──────── SOURCE MATERIAL ────────
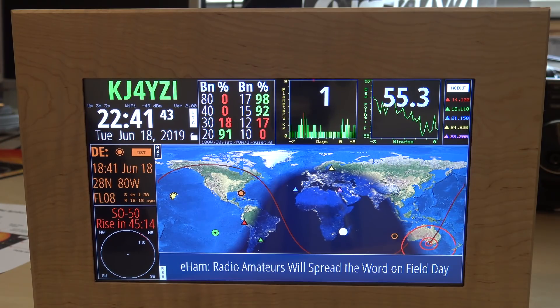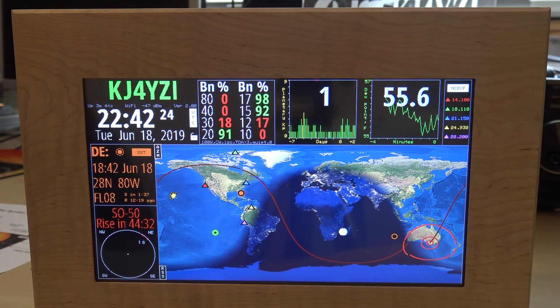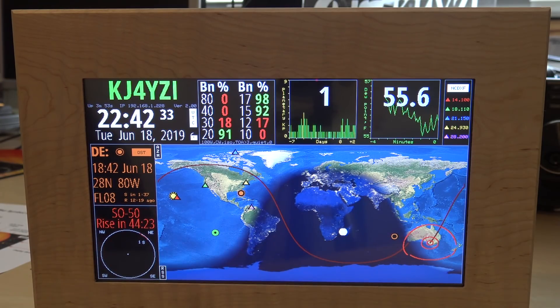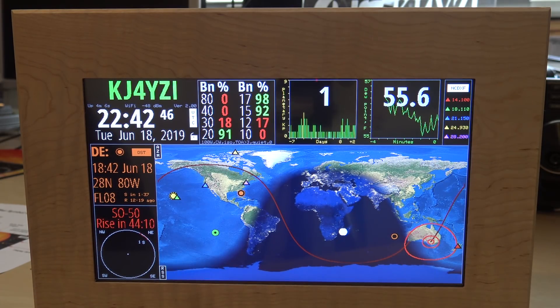Let's break it down together. On the bottom there's an RSS feed - like a headline news ticker that can be turned off. It's pulling that from a server online; for example it's showing Koror Island from dxnews.com. There's also a nice big world map, and I can see the gray line in real time - that's darkness on one side and light on the other, showing dusk and dawn. The red line indicates SO-50, the satellite I picked, showing its track with the footprint and current position. Pretty cool for satellite enthusiasts waiting for a pass - this thing on your desk will remind you the satellite is coming.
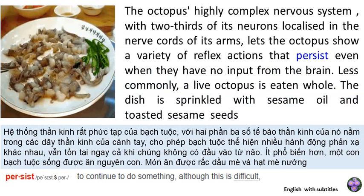The octopus's highly complex nervous system, with two-thirds of its neurons localized in the nerve cords of its arms, lets the octopus show a variety of reflex actions that persist even when they have no input from the brain.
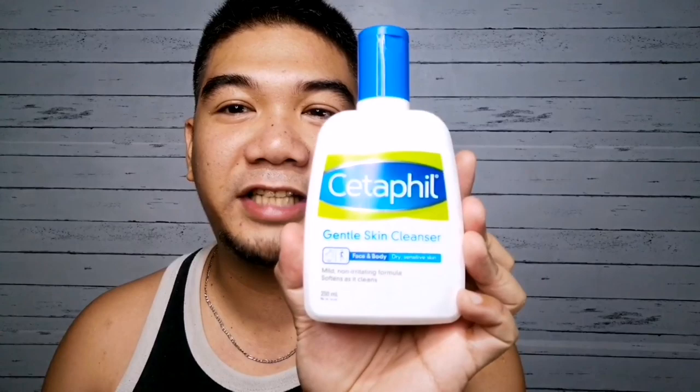First thing that I do is wash my face like everybody does, and then put on moisturizer. What I use is the Cetaphil Gentle Skin Cleanser to wash my face, and I also use the Cetaphil Face and Body Moisturizing Lotion.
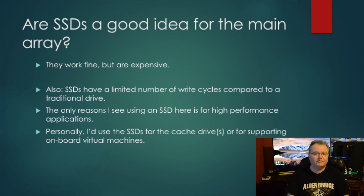Are SSDs a good idea for the main array? They work fine, but they're expensive and you get more bang for your buck with traditional NAS spindle drives. SSDs also have a limited number of write cycles — great for reads, but constant writes and parity updates will wear them out faster. The main reason to use an SSD in Unraid would be for the cache drives to enable faster writes, or to support onboard virtual machines that can actually take advantage of that extra SSD performance.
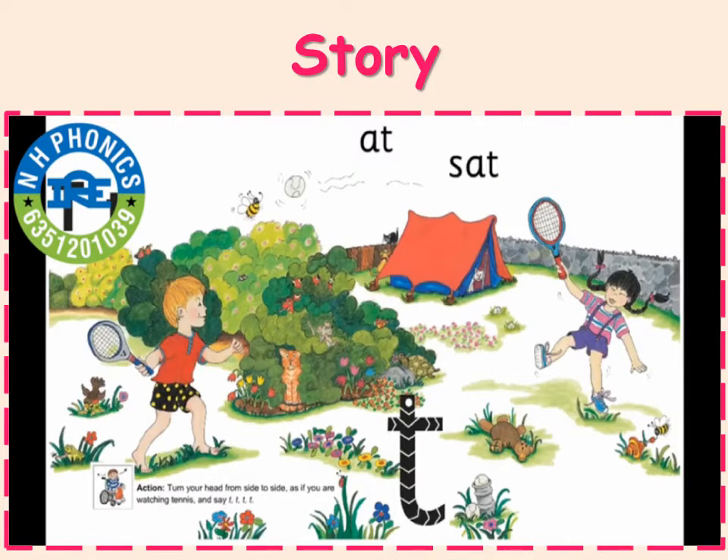Tom and Tomiko watched an important tennis match on television. There was a big crowd waiting for the match to begin. When the players came onto the court, the crowd clapped. Then the match began and the two tennis players hit the ball to each other. Tuh, tuh, tuh. The people in the crowd turned their heads from side to side watching the tennis ball.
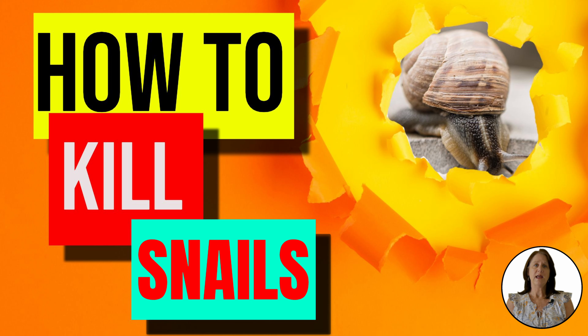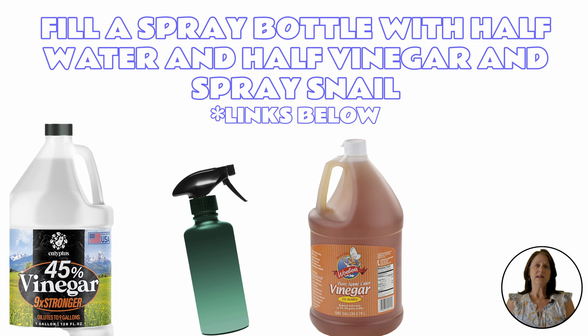Vinegar is a great asset in the backyard, and killing unwanted snails that eat your flowers and fruits is no exception. It's an easy fix to make a homemade batch.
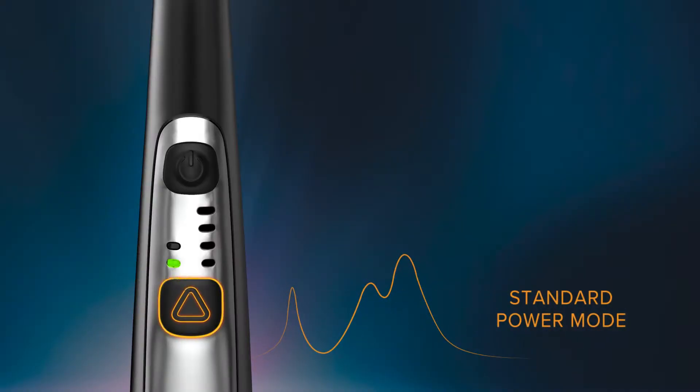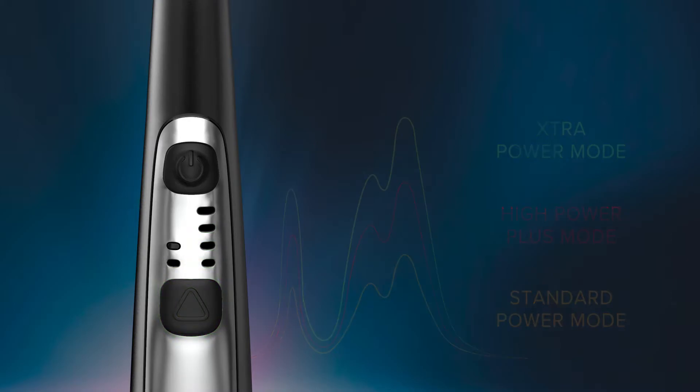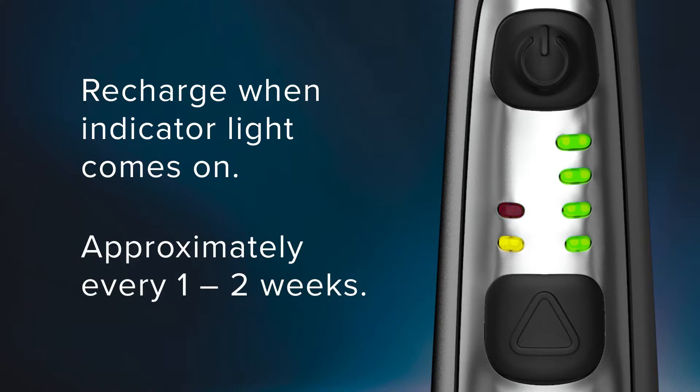Fully charged battery life in the curing light is dependent on the mode and time interval, battery type, amount of use, and LED efficiency. In general, recharge batteries when the low battery indicator comes on, or approximately every one to two weeks depending on use.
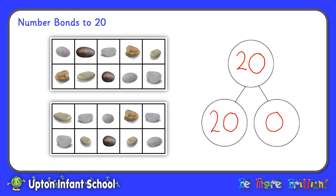Now let's see what happens if I take a pebble away. We've now got 19 pebbles and one empty square, so our two 10 frames are showing us that 19 and 1 make 20. 19 and 1 are number bonds to 20. Let's take away some more pebbles. I've taken away four pebbles altogether now, so we have 16 squares with pebbles and four empty squares. So 16 and 4 make 20. 16 and 4 are number bonds to 20.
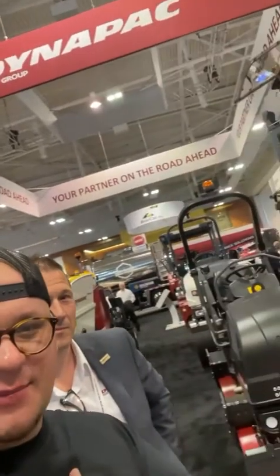Hey everybody, Marvin here, Blacktop Banter Podcast. I'm here with Jamie at the Dynapack booth at World of Asphalt. I'm going to flip the camera around, let Jamie introduce himself, and then we're going to go over some of the stuff they got here at the expo. Welcome to the Dynapack booth, World of Asphalt 2022. I'm Jamie Roush, the president of Dynapack.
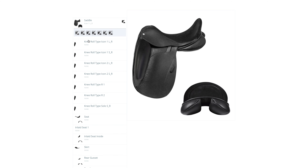Your first option to choose is the knee roll. For the Icon Flight we have seven different types of knee rolls. The Icon Short Roll and the Icon Long Roll are the most popular options for this model.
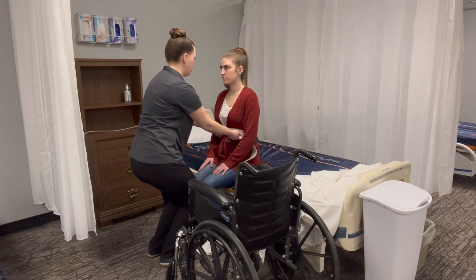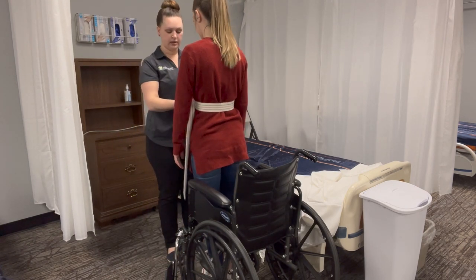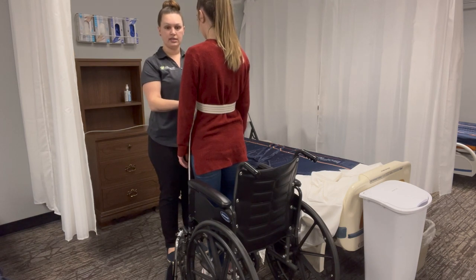One, two, three. She's going to back up until her legs are touching the wheelchair, and we're going to instruct her on the count of three to sit down.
────────
# TASK ITEM:
Before you return the listing, strip out its pictures; all else must match exactly.

# PROBLEM SOLUTION:
Let's break it down together. On the bottom there's an RSS feed - like a headline news ticker that can be turned off. It's pulling that from a server online; for example it's showing Koror Island from dxnews.com. There's also a nice big world map, and I can see the gray line in real time - that's darkness on one side and light on the other, showing dusk and dawn. The red line indicates SO-50, the satellite I picked, showing its track with the footprint and current position. Pretty cool for satellite enthusiasts waiting for a pass - this thing on your desk will remind you the satellite is coming.
The octopus's highly complex nervous system, with two-thirds of its neurons localized in the nerve cords of its arms, lets the octopus show a variety of reflex actions that persist even when they have no input from the brain.
First thing that I do is wash my face like everybody does, and then put on moisturizer. What I use is the Cetaphil Gentle Skin Cleanser to wash my face, and I also use the Cetaphil Face and Body Moisturizing Lotion.
Are SSDs a good idea for the main array? They work fine, but they're expensive and you get more bang for your buck with traditional NAS spindle drives. SSDs also have a limited number of write cycles — great for reads, but constant writes and parity updates will wear them out faster. The main reason to use an SSD in Unraid would be for the cache drives to enable faster writes, or to support onboard virtual machines that can actually take advantage of that extra SSD performance.
Tom and Tomiko watched an important tennis match on television. There was a big crowd waiting for the match to begin. When the players came onto the court, the crowd clapped. Then the match began and the two tennis players hit the ball to each other. Tuh, tuh, tuh. The people in the crowd turned their heads from side to side watching the tennis ball.
Vinegar is a great asset in the backyard, and killing unwanted snails that eat your flowers and fruits is no exception. It's an easy fix to make a homemade batch.
Fully charged battery life in the curing light is dependent on the mode and time interval, battery type, amount of use, and LED efficiency. In general, recharge batteries when the low battery indicator comes on, or approximately every one to two weeks depending on use.
Now let's see what happens if I take a pebble away. We've now got 19 pebbles and one empty square, so our two 10 frames are showing us that 19 and 1 make 20. 19 and 1 are number bonds to 20. Let's take away some more pebbles. I've taken away four pebbles altogether now, so we have 16 squares with pebbles and four empty squares. So 16 and 4 make 20. 16 and 4 are number bonds to 20.
Hey everybody, Marvin here, Blacktop Banter Podcast. I'm here with Jamie at the Dynapack booth at World of Asphalt. I'm going to flip the camera around, let Jamie introduce himself, and then we're going to go over some of the stuff they got here at the expo. Welcome to the Dynapack booth, World of Asphalt 2022. I'm Jamie Roush, the president of Dynapack.
Your first option to choose is the knee roll. For the Icon Flight we have seven different types of knee rolls. The Icon Short Roll and the Icon Long Roll are the most popular options for this model.
One, two, three. She's going to back up until her legs are touching the wheelchair, and we're going to instruct her on the count of three to sit down.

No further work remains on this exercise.